4 types of awareness:

  • Of sensations and actions– sensing through sense organs and expressing oneself through movement or vocal expression
  • Of feelings– emotional and physical feelings
  • Of wants– desires for future events to take place
  • Of values and assessments– larger units of experience if how values another, social and spiritual issues
  • Five major styles of contact resistance
    • Introjection – We passively incorporate what the environment provides & do not know what we want or need
    • Projection – We disown certain aspects of ourselves by assigning them to the environment; and put them on others (e.g. see quality in others, we avoid responsibility of who we are)
    • Confluence – A blurring of the differentiation between the self and the environment (e.g. High need to be accepted and liked)
    • Retroflection – Turning back to ourselves what we would like someone else do to us (e.g. Lash out and injure self because fearful of directing toward others)
    • Devaluation – resistance between contact and satisfaction
      When you devalue yourself, you make contact, but experience it as being less satisfying than it actually is.

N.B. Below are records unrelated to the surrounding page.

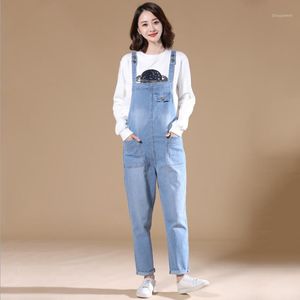 여성용 Jumpsuits rompers 플러스 사이즈 5xl 슬림 데님 점프 롱 바지 여성 느슨한 2021 패션 봄 가을 한국 정지 바지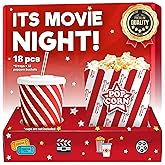 Cheshire Gifts Movie Night Supplies 18 Pcs - Popcorn Bags (12ct) & Movie Night Snack Trays (6ct) - Movie Theater Decor & Popc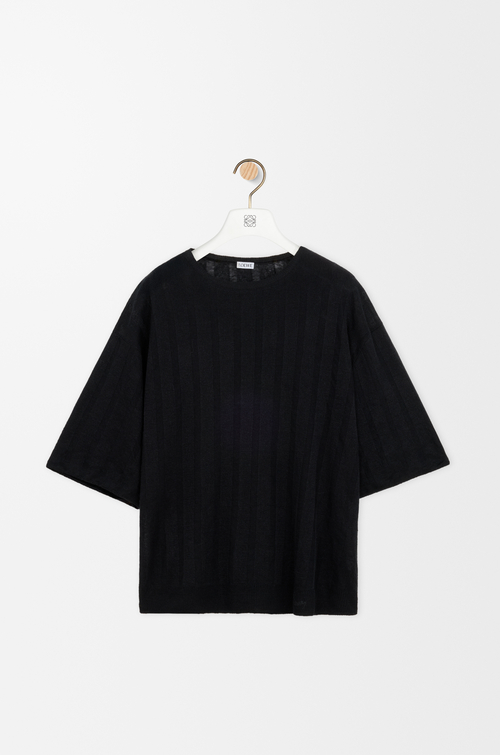 LOEWE Top de manga corta en lino Negro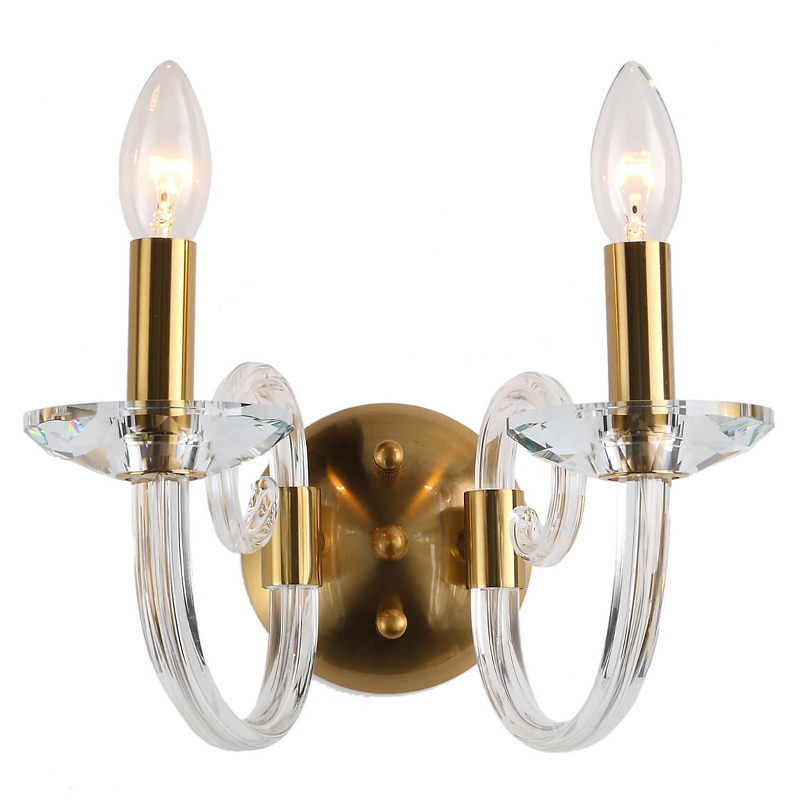 Бра Twisted Glass Candles Wall Lamp Золотой Прозрачное Стекло Бра Twisted Glass Candles Wall Lamp Золотой Прозрачное Стекло в Орле | Loft Concept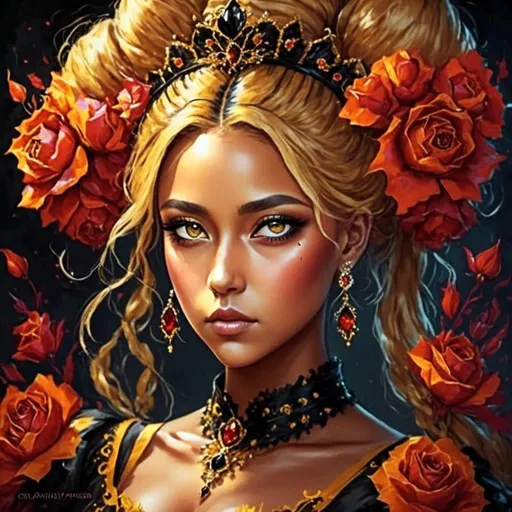 Prompt: <mymodel>Nataasha-Beautiful woman with flowers, oil painting, detailed fiery eyes, ethereal glow, dark and mysterious, high quality, vibrant colors, surreal, haunting, intricate floral details, intense gaze, mystical atmosphere, oil painting, demon, hybrid, fiery eyes, ethereal, vibrant colors, surreal, haunting, floral details, intense gaze, mystical atmosphere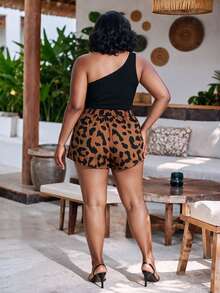 CurvyTilda Plus Size Women 2 Pieces Set Solid One Shoulder Sleeveless Ribbed Top & Leopard Print Shorts, Fashionable Elegant - Black - View 2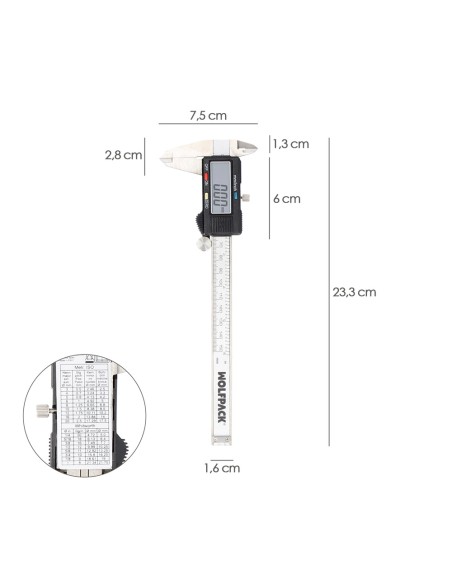 Calibre Digital Acero Inoxidable 150 mm. Pie de Rey, Paquimetro. Pantalla LCD, Boton de Bloqueo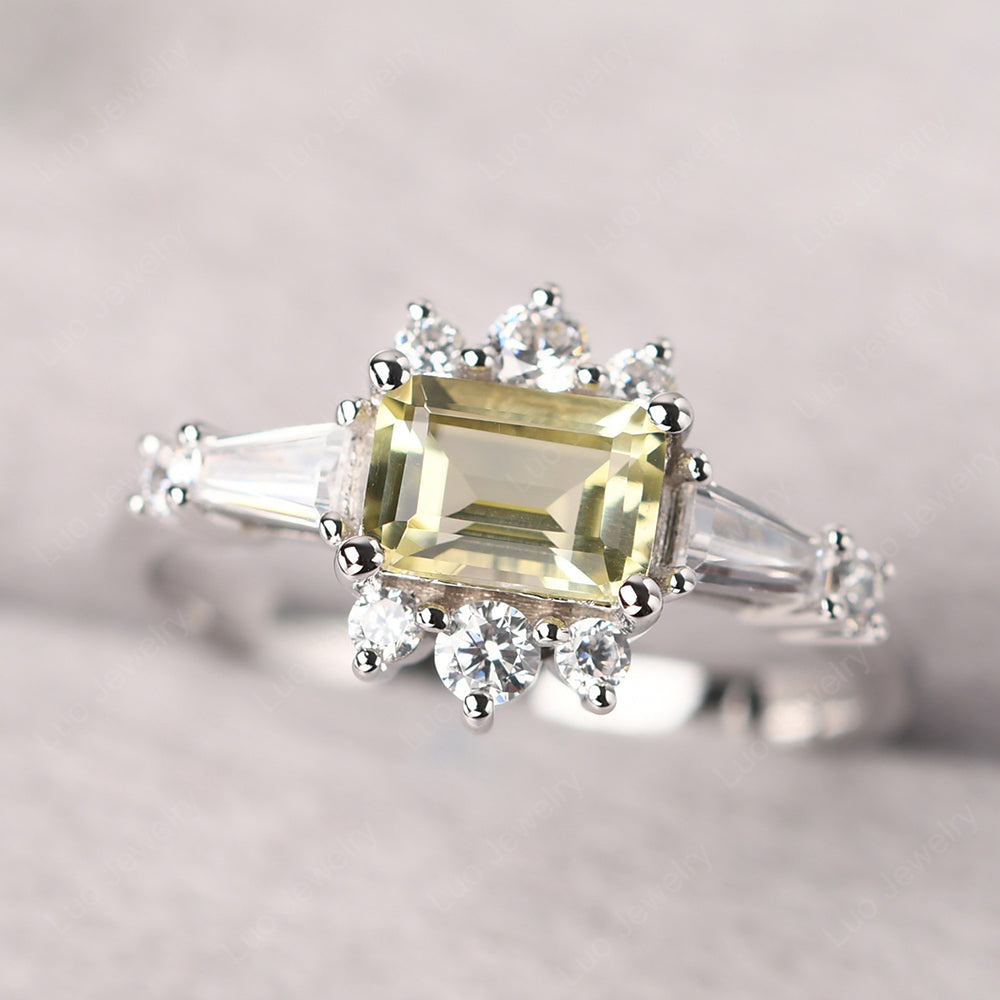 Emerald Cut Lemon Quartz Horizontal Ring - LUO Jewelry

Techniques of gestalt therapy

  • The “experiment” in Gestalt therapy
  • Therapy sessions are viewed as a series of experiments, which provide for the client to experientially learn
    • Experiments are therapy techniques that develop from the therapeutic process and client/therapist relationship
  • Authenticity of therapist
  • Interaction between therapist and client
  • Spontaneity of experiments leads to many forms:

-dramatization of painful memory          

-setting up interaction between the client and a significant person in their life

  • Enactment: Bringing struggles to life by enacting them out in the present
    • Experiments will be tailored and focused to each individual and used when in a timely manner
    • The experiments must be carried out in a context that allows for balance between support and risk
  • The “exercise” in gestalt therapy
    • Pre-existing techniques that are used to induce change or progress in a therapy session
    • The purpose of an exercise is to elicit emotion, produce action, or achieve a specific goal.
    • The therapist and person in therapy can then examine the result of the exercise in order to increase awareness and help the person understand the “here and now” of the experience.

• Internal dialogue exercise – the “top dog” and the “under dog”

• Making the rounds – go to each person in the group and talk to them

• “I take responsibility for” – can be added to one of the client’s statements

• Rehearsal exercise – to rehearse with the therapist out loud.

• Reversal technique – asking the client to do the opposite of their behaviors

• Staying with feeling – so that you can work through the fears

  • Empty-Chair Technique:
    – When client speaks to an empty chair as if it were another person or another part of the client
    – Used to help the client get in touch with other views or other aspects of self
  • Exaggeration Exercise:
    – Counselor exaggerates mannerism of client or asks client to exaggerate mannerism in order to make client aware of true feelings
  • Guided Fantasy:
    – Client is encouraged to visualize here & now experiences
  • Playing the Projection:
    – Client is asked to play the role of the person who they are not connecting with
  • Gestalt approach to dream work
  • Does not interpret & analyze dreams

• Instead intent is to bring back to life & relive them as though they were happening now

• Dream is acted out in the present & dreamer becomes a part of his or her dream

Behavioural therapy

It is based on a scientific view of overt human behaviour and the usage of systematic and structured approach to counselling.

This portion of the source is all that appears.